The problem is long gone since Microsoft made changes to <windows.h>. If the header is included while WIN32_LEAN_AND_MEAN is defined, it avoids including a lot of (mostly older) stuff, many lowercase and CamelCase macros in particular. Pretty much every new project that is compiled for windows will define this identifier to prevent nasty macros from destroying their code.

If when writing a project you encounter a similar issue (from a different header), you have few options:

  • rename your code

  • just #undef it if it's not needed in your code (kind of bad if someone includes your headers and expects the macro to be present though)

  • (if possible) organize your code so that the nasty includes are only present in specific source files

  • (if there is no better way) use compiler extensions like #pragma push and #pragma pop to temporarily change preprocessor state

More tricks

There are few more preprocessor features, all are pretty simple in theory but practice shows their real power is obtained by abusing preprocessor mechanism as much as possible.

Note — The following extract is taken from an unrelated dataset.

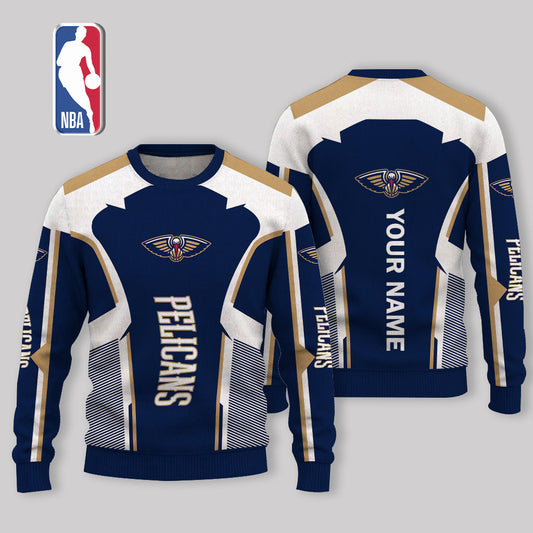 VIRAL EDITION - NEW CUSTOMIZED NOP NEW ORLEANS PELICANS UGLY SWEATER - NBA30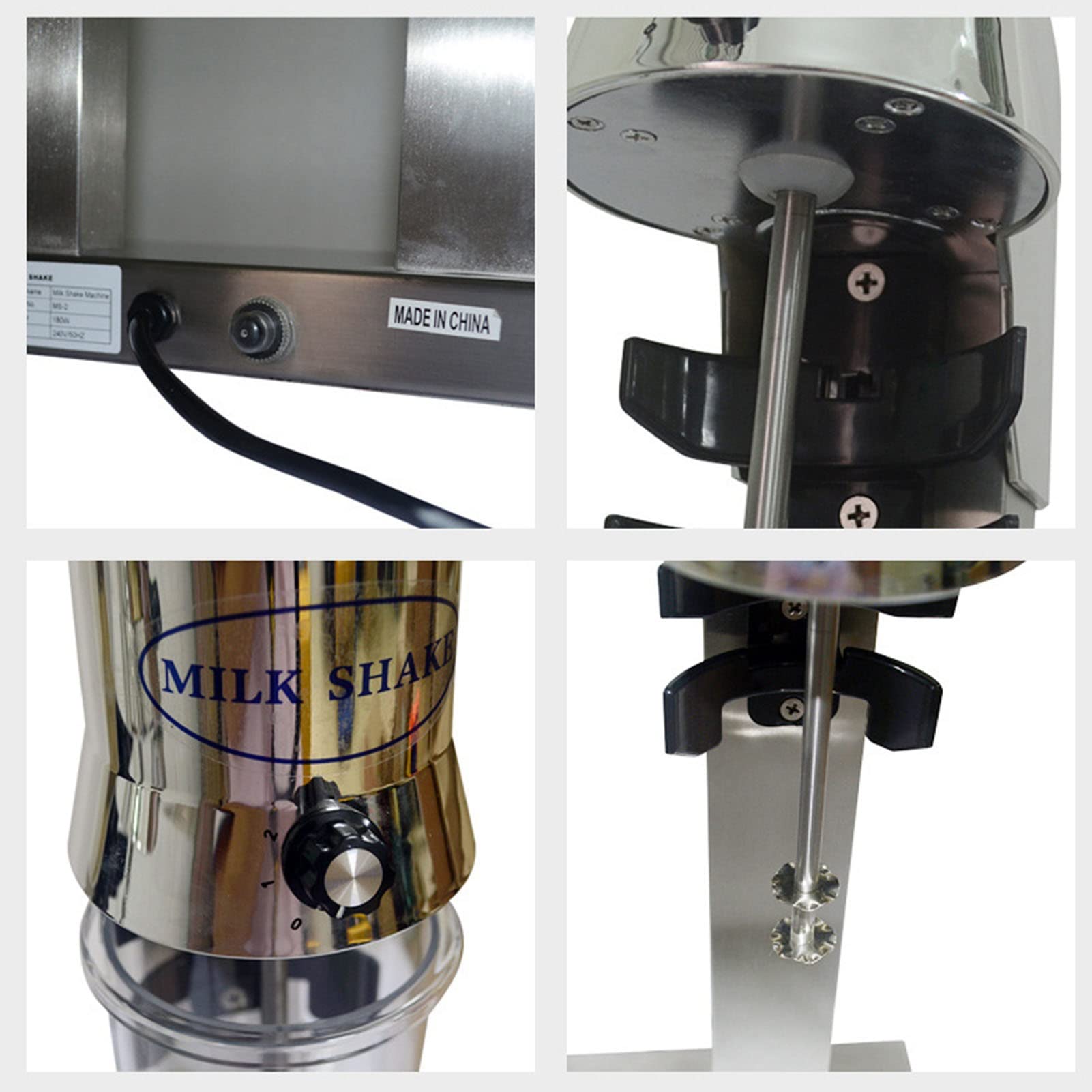 Maker Di Shaker Di Latte Elettrico 2 Velocità Melphake Machine Smoothie Drink Mixer 304 Acciaio Inossidabile Macchina Per Creatori Di Frutteti Protein Shaker Per I Cocktail Di Frullati Di Proteine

Because they are only used within certain niche applications and with each newer C++ standard there are less and less justified usages of macros, I'm not going to cover them in detail.

Variadic macros

If a function-like macro is defined with ..., it's a variadic macro. ... accepts any 1+ number of arguments (changed to 0+ in C++20) and can output them with __VA_ARGS__ as a comma-separated list of tokens. Since C++20 there is also __VA_OPT__(content) which expands content only if ... is non-empty.

X macros

Basically macros that abuse other macros for maximum power in code generation. Explanation on https://en.wikipedia.org/wiki/X_Macro.

One particular usage that is still relevant in C and C++ is generation of enum together with functions that convert between enum type and strings. Example such library: https://github.com/aantron/better-enums.

Maximum abuse

Boost.Preprocessor is a library for metaprogramming in C and C++ through preprocessor.